Temporary Platform Unavailability
Incident Report for Fasterize
Postmortem

Post Mortem: Temporary Platform Unavailability

Event Date: May 15, 2023

Incident Duration: 11:29 AM to 11:55 AM

Incident Description:

The platform experienced an outage from 11:29 AM to 11:55 AM. Traffic was automatically routed to origins. Customers therefore lost the benefit of the solution, but the sites remained available during the incident.

The addition of a large number of configurations on the platform increased the consumed memory and the startup time of the front layer services. Some services stopped and did not start correctly.

Event Timeline:

  • 11:17 AM: Addition of new configurations.
  • 11:21 AM: Detection of a memory shortage on a service, leading to the shutdown of a critical process.
  • 11:34 AM: Additional services become unavailable.
  • 11:38 AM: Widespread detection of the incident; automatic traffic redirection.
  • 11:45 AM: Attempts to restart services, partially successful.
  • 12:00 PM - 12:15 PM: Assessment and decision-making on corrective actions.
  • 12:33 PM: Modification of startup configurations to improve tolerance to startup time.

Analysis:

Two main factors lead to this incident :

  • our HTTP server requires a reload in order to load new configuration into account. During this reload, the number of processes for this service is doubled, leading to a risk of memory exhaustion.
  • The start timeout for the HTTP service was set as the default value and we didn’t have a monitor alerting us that the HTTP service start time was close to the limit.

Impact:

All users of the platform were affected by this incident.
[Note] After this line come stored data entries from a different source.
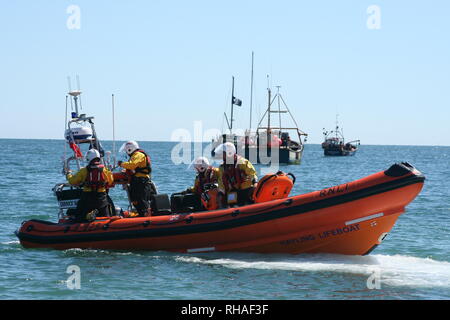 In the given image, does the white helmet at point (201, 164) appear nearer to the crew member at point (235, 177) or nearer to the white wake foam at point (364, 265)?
the crew member at point (235, 177)

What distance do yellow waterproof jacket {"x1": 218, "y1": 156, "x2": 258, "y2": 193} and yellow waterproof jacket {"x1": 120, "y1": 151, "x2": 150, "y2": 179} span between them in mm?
1103

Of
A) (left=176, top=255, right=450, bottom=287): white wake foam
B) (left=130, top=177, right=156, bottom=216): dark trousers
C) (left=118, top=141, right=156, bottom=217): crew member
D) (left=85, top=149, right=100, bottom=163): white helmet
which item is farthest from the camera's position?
(left=130, top=177, right=156, bottom=216): dark trousers

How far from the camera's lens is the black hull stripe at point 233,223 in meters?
8.09

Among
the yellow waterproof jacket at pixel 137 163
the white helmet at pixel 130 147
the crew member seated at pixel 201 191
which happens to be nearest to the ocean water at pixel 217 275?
A: the crew member seated at pixel 201 191

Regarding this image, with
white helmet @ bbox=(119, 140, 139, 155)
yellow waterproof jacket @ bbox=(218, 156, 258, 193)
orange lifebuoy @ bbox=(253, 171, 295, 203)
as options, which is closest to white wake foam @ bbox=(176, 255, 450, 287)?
orange lifebuoy @ bbox=(253, 171, 295, 203)

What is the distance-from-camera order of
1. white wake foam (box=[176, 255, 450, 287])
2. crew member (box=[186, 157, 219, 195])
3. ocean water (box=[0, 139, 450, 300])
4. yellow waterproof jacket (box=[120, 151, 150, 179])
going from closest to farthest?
ocean water (box=[0, 139, 450, 300])
white wake foam (box=[176, 255, 450, 287])
yellow waterproof jacket (box=[120, 151, 150, 179])
crew member (box=[186, 157, 219, 195])

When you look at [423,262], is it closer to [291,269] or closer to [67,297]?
[291,269]

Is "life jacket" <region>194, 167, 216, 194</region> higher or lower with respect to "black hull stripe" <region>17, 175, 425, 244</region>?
higher

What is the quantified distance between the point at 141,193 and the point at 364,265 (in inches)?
128

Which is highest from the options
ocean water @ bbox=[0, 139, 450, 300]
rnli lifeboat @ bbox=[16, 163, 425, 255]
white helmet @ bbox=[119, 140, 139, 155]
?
white helmet @ bbox=[119, 140, 139, 155]

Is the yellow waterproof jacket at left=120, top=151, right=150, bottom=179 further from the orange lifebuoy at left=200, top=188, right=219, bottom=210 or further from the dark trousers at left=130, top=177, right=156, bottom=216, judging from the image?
the orange lifebuoy at left=200, top=188, right=219, bottom=210

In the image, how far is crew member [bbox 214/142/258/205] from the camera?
8992 mm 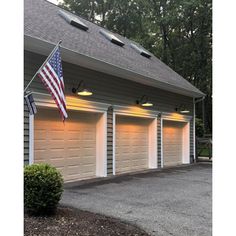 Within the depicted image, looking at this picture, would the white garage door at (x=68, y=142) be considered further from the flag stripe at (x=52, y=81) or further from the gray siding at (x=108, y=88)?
the flag stripe at (x=52, y=81)

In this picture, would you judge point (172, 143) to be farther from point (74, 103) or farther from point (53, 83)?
point (53, 83)

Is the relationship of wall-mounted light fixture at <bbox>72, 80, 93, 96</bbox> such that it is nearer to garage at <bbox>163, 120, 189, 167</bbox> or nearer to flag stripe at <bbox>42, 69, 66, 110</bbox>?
flag stripe at <bbox>42, 69, 66, 110</bbox>

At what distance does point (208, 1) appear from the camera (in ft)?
71.2

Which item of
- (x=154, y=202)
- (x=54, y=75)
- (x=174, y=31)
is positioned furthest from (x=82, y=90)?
(x=174, y=31)

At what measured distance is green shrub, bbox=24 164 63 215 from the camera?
15.3 feet

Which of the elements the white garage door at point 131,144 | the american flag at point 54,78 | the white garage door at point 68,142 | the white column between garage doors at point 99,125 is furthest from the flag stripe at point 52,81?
the white garage door at point 131,144

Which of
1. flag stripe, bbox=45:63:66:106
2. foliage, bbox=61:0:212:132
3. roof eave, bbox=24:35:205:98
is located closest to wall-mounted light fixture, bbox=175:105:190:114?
roof eave, bbox=24:35:205:98

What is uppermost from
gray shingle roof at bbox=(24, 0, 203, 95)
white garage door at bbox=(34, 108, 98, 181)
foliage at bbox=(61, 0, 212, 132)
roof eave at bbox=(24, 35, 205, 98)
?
foliage at bbox=(61, 0, 212, 132)

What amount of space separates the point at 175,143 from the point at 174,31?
13.6m

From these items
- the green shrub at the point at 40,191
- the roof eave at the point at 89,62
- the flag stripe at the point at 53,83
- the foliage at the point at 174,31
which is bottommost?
the green shrub at the point at 40,191

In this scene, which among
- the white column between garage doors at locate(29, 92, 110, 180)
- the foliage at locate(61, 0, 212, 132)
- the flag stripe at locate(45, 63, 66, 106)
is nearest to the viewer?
the flag stripe at locate(45, 63, 66, 106)

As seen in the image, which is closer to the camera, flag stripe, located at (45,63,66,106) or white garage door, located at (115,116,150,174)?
flag stripe, located at (45,63,66,106)

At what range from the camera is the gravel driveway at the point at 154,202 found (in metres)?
4.57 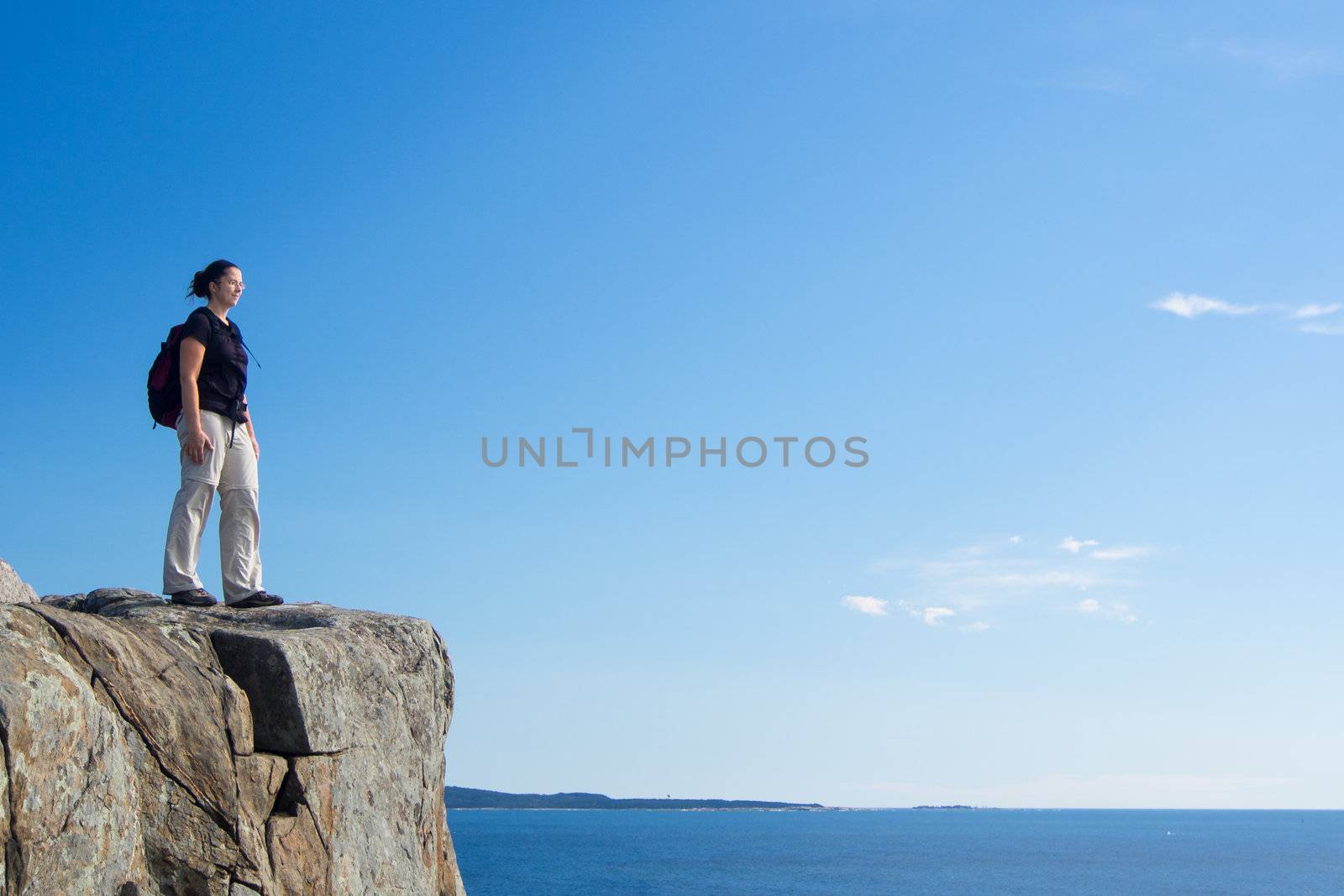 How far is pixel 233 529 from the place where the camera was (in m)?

Corrective and Preventive Measures:

  • Short term: Review of alert systems and adjustment of service startup configurations.
  • Medium term: Improvement in configuration management to reduce their number and optimize service startup monitoring.
  • Long term: Researching alternative HTTP server to improve update management without impacting performance or memory consumption.

Conclusion:

This incident highlights the importance of constant monitoring and proactive resource management to prevent outages. The measures taken should enhance the stability and reliability of the platform.

Posted May 15, 2024 - 17:54 CEST

Resolved
The platform experienced an outage from 11:29 AM to 11:55 AM. Traffic was automatically routed to origins. Customers therefore lost the benefit of the solution, but the sites remained available during the incident.
Posted May 15, 2024 - 11:30 CEST